Problem details: From the entries below, copy exactly the lines from the one that contains "MEUBLE HIFI AVEC" through the one that contains "Apartamento T3 com", both included, and only those.

Provided data:
Start of Block

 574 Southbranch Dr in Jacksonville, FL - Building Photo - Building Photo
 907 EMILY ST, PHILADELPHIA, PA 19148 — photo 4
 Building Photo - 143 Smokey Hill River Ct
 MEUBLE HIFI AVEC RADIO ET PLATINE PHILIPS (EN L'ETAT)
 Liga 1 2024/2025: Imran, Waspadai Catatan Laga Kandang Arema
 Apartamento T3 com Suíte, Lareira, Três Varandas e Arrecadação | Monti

End of Block
Start of Block

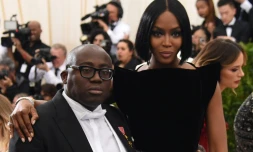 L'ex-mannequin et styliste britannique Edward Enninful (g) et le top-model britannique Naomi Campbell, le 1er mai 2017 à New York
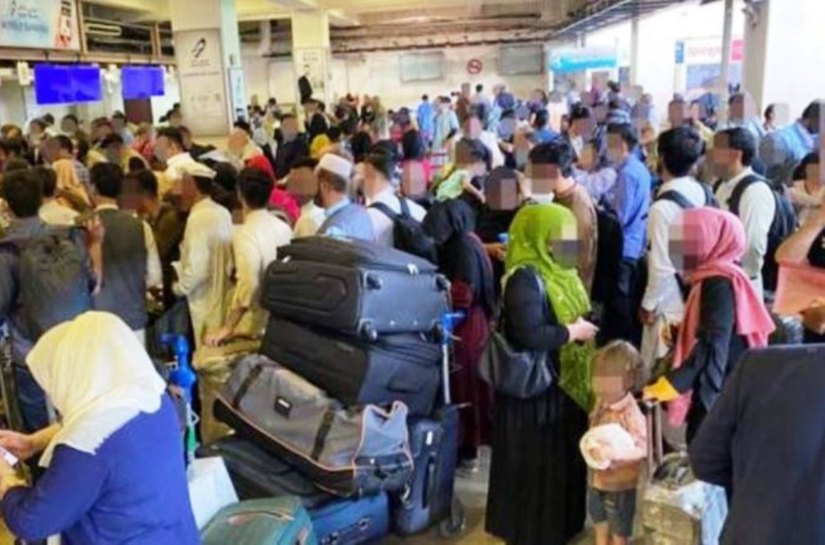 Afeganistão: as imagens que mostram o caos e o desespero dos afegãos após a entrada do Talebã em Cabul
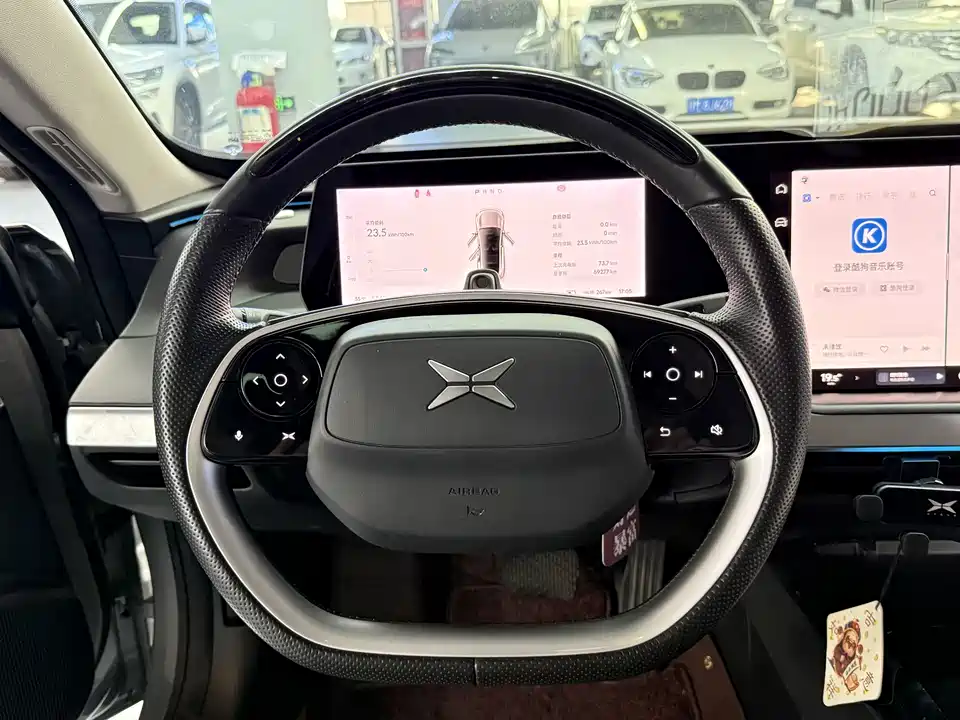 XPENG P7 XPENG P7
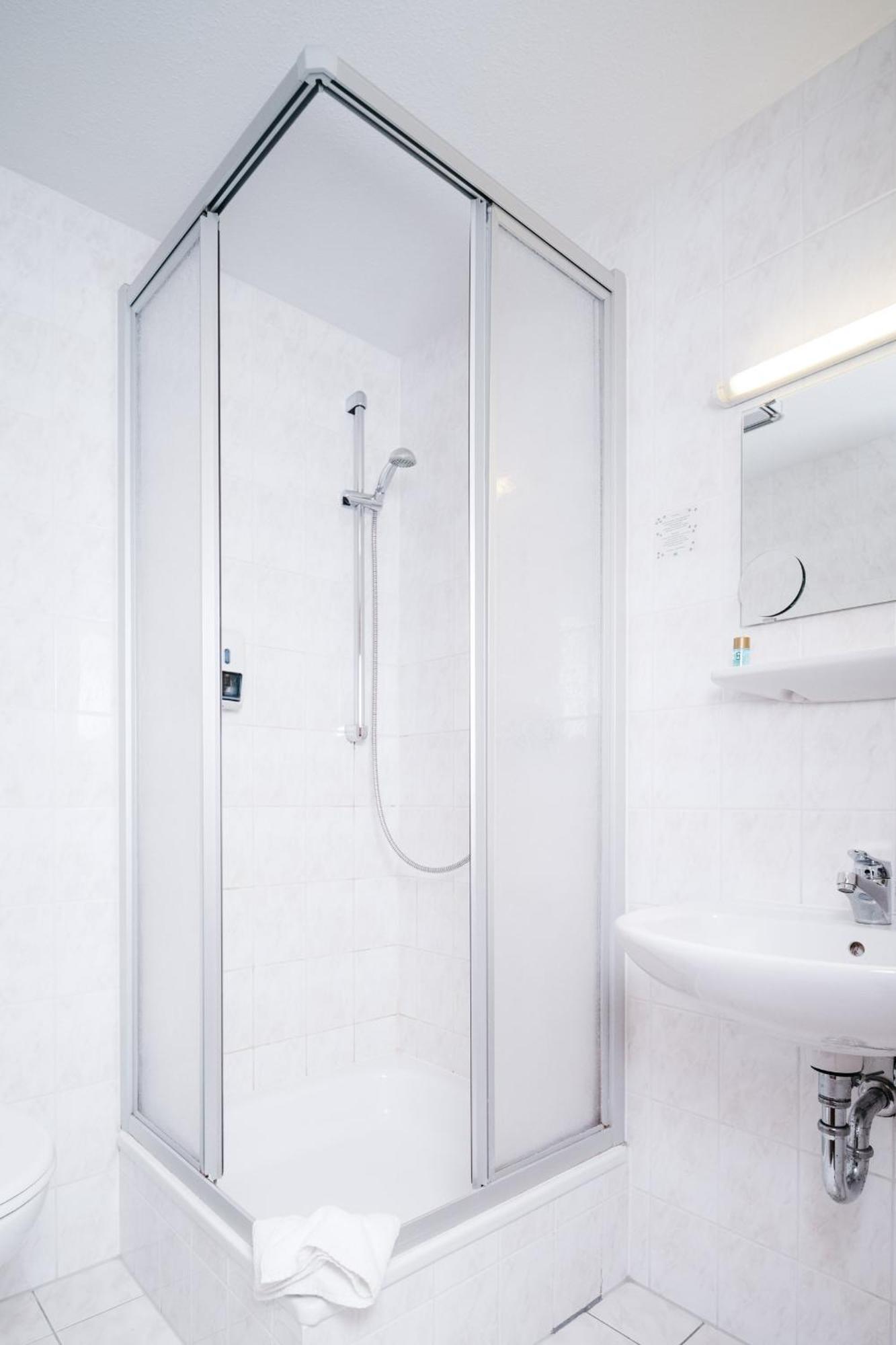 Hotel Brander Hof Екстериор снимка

End of Block
Start of Block

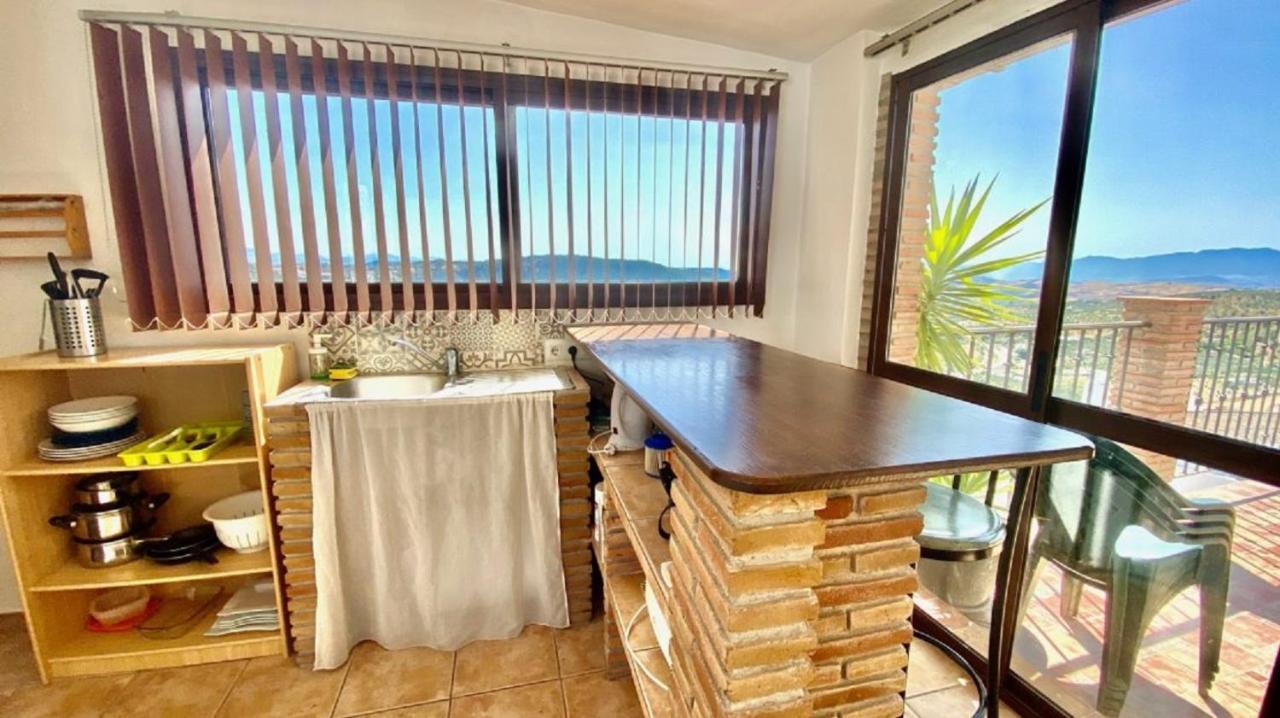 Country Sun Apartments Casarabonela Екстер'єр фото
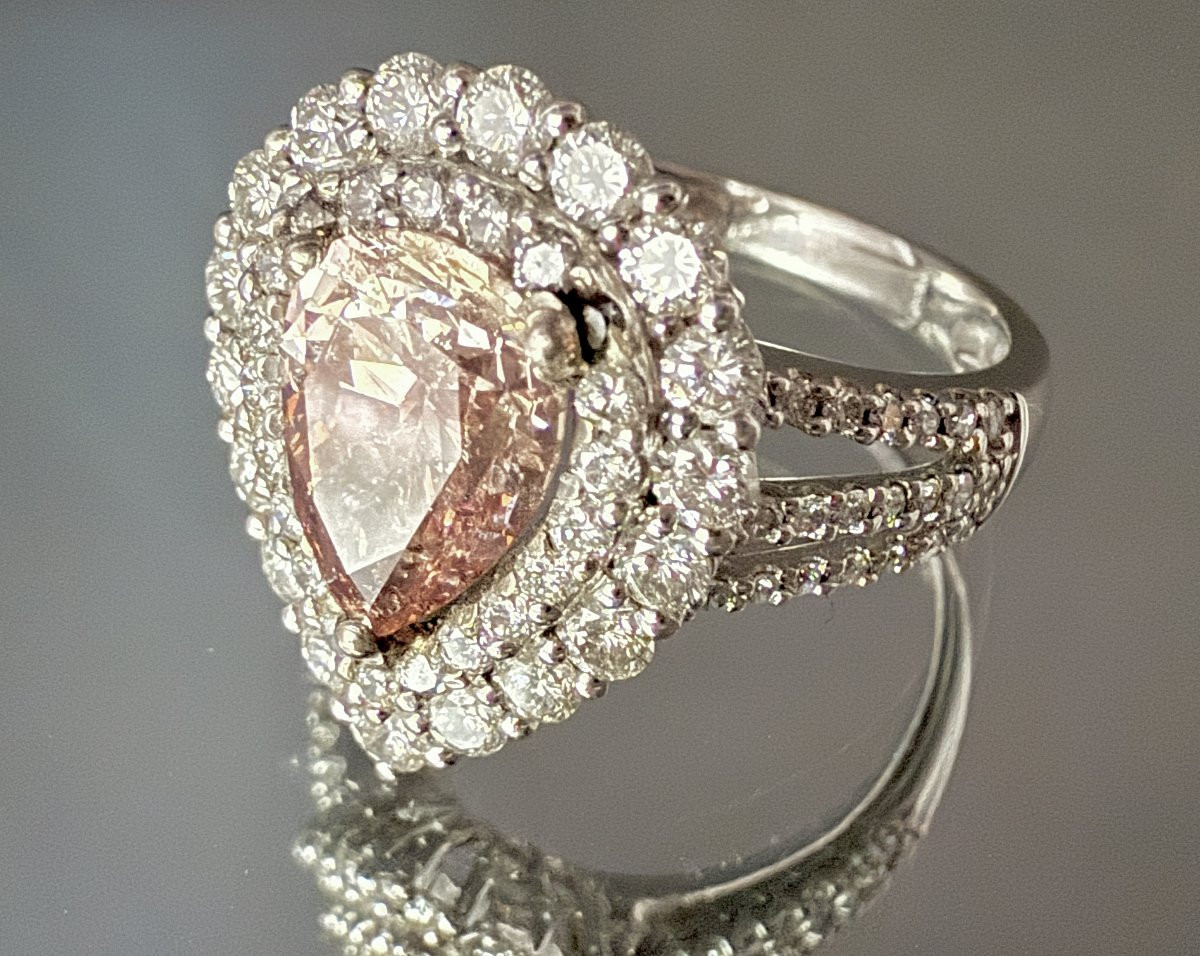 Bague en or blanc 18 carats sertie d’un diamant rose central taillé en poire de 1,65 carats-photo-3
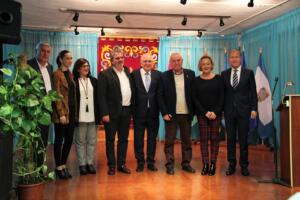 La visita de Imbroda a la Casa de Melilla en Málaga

End of Block

Reply to the task:
 MEUBLE HIFI AVEC RADIO ET PLATINE PHILIPS (EN L'ETAT)
 Liga 1 2024/2025: Imran, Waspadai Catatan Laga Kandang Arema
 Apartamento T3 com Suíte, Lareira, Três Varandas e Arrecadação | Monti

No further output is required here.